▶ Records shown:

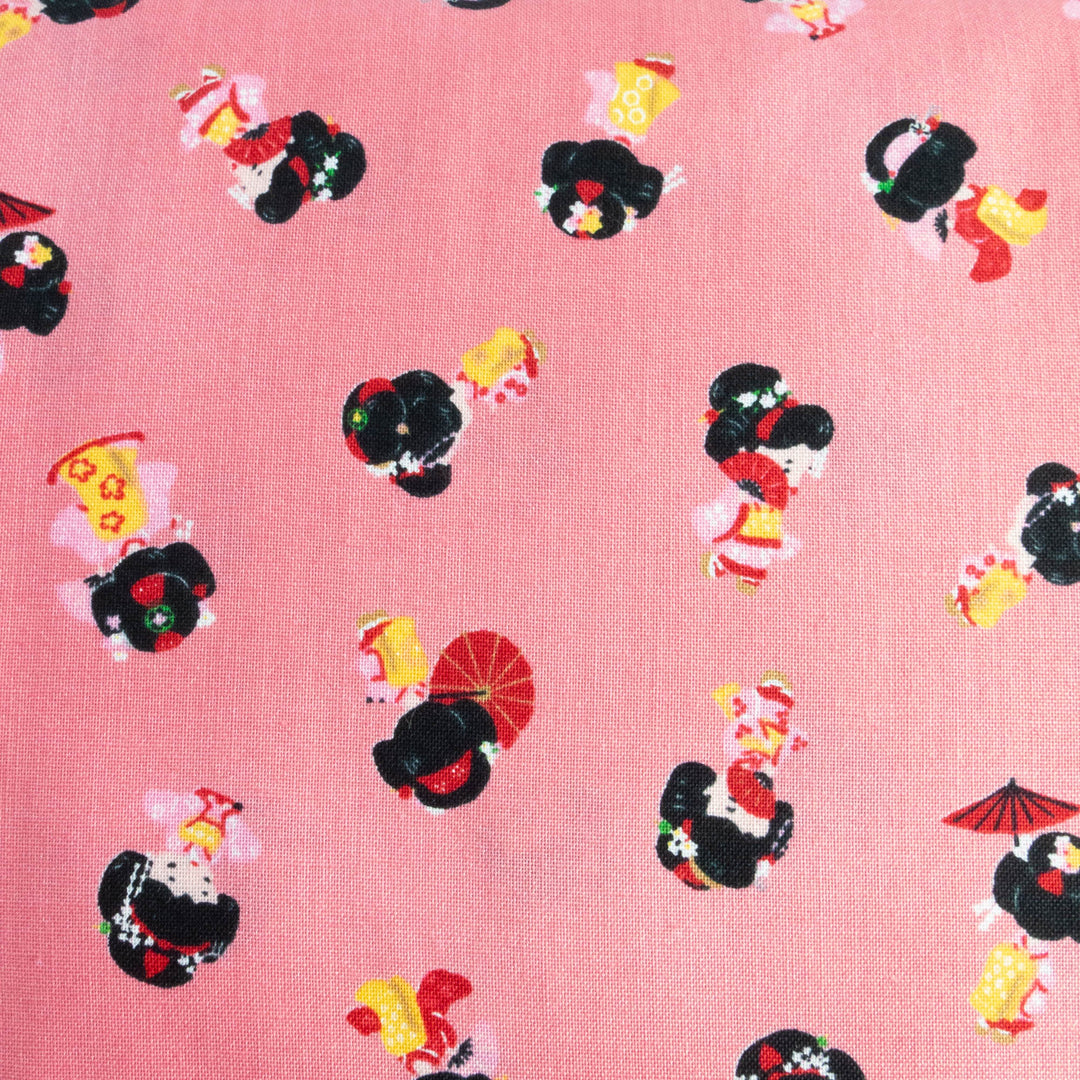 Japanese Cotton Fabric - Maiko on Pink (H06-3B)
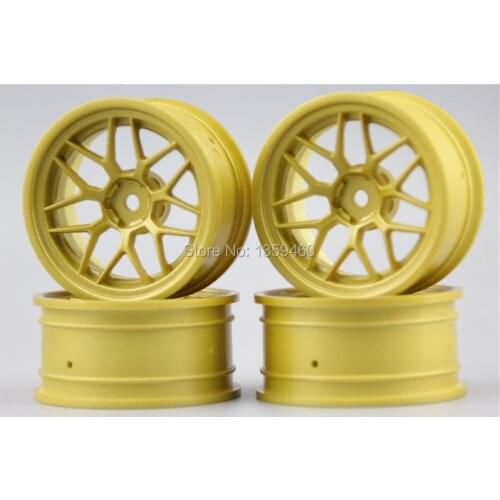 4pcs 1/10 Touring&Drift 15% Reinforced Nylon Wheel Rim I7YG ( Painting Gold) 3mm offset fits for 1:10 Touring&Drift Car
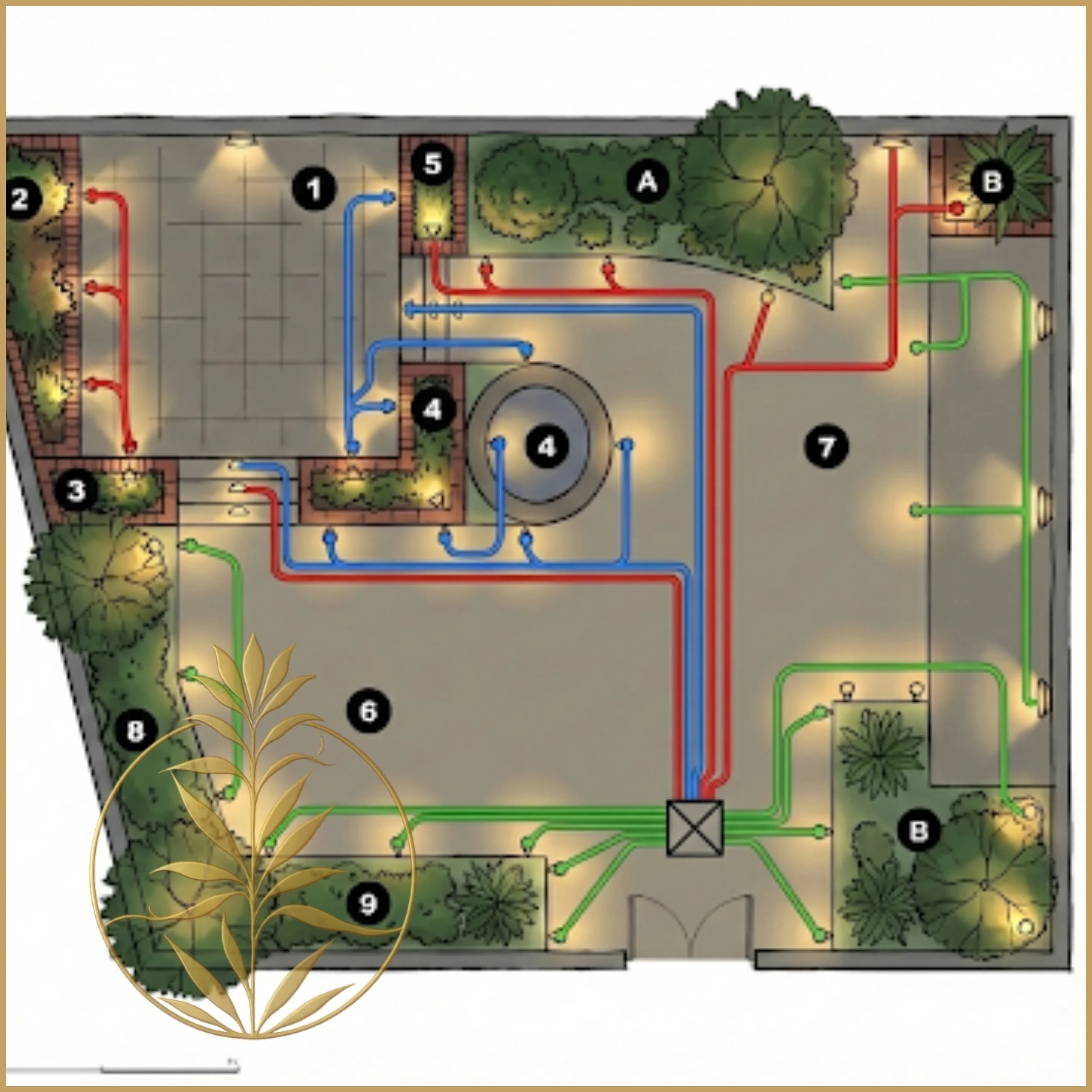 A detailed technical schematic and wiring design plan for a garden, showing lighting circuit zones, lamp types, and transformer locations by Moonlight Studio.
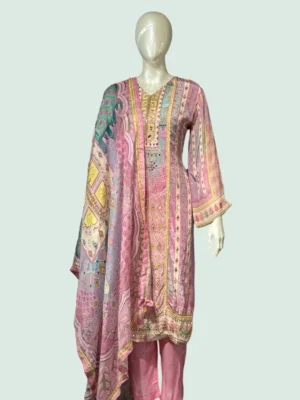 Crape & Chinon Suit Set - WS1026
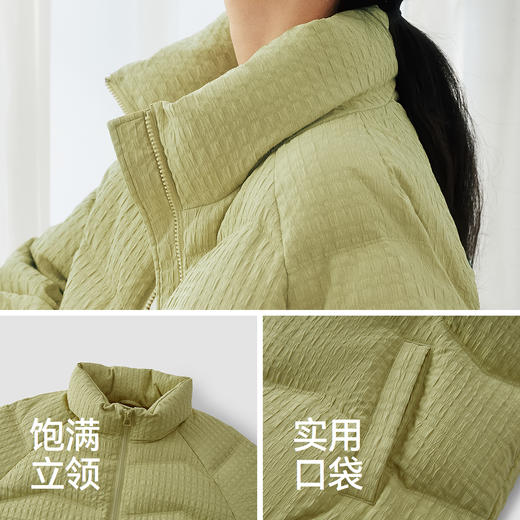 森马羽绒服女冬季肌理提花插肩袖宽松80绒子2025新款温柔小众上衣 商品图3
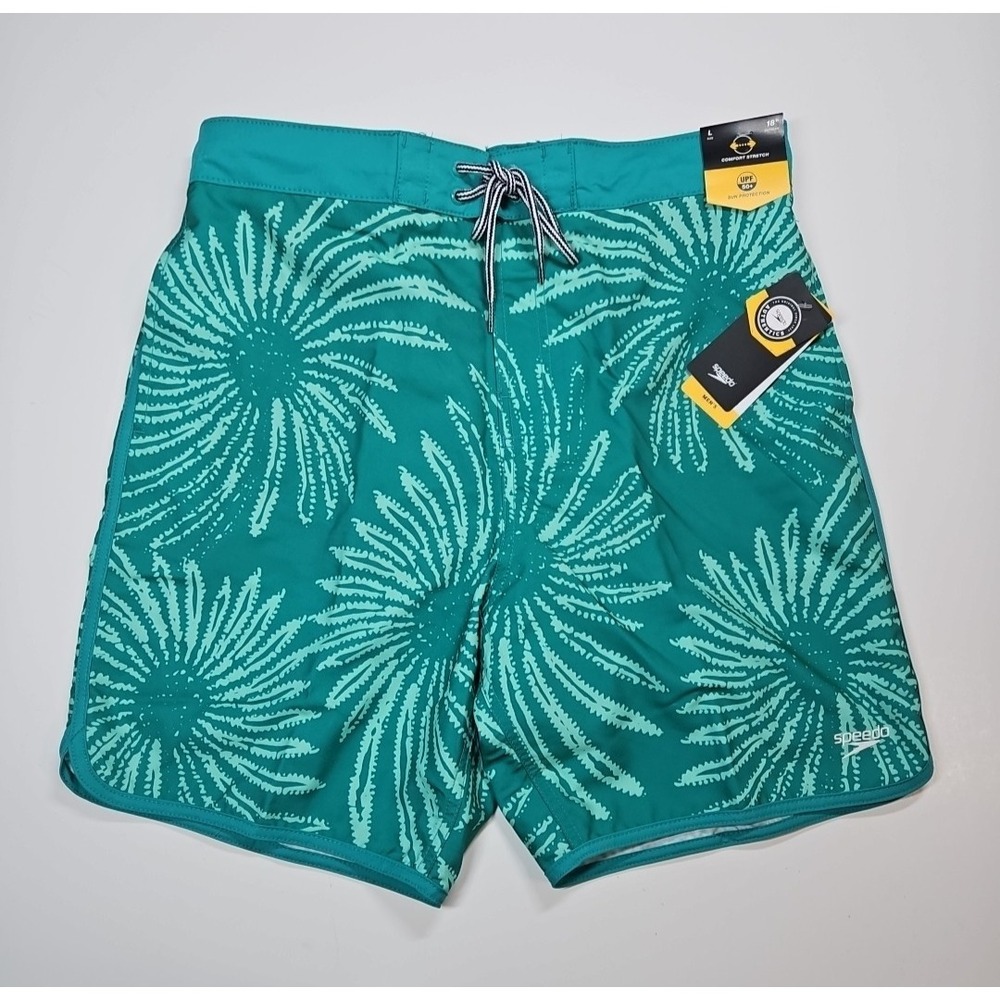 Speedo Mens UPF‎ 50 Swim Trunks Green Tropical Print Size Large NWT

▶ What needs to be done:
Copy exactly the lines from the line containing "Crape & Chinon Suit Set - WS1026" through the last line of the records, both included, and omit every picture.

▶ Solved exercise:
 Crape & Chinon Suit Set - WS1026
 森马羽绒服女冬季肌理提花插肩袖宽松80绒子2025新款温柔小众上衣 商品图3
 Speedo Mens UPF‎ 50 Swim Trunks Green Tropical Print Size Large NWT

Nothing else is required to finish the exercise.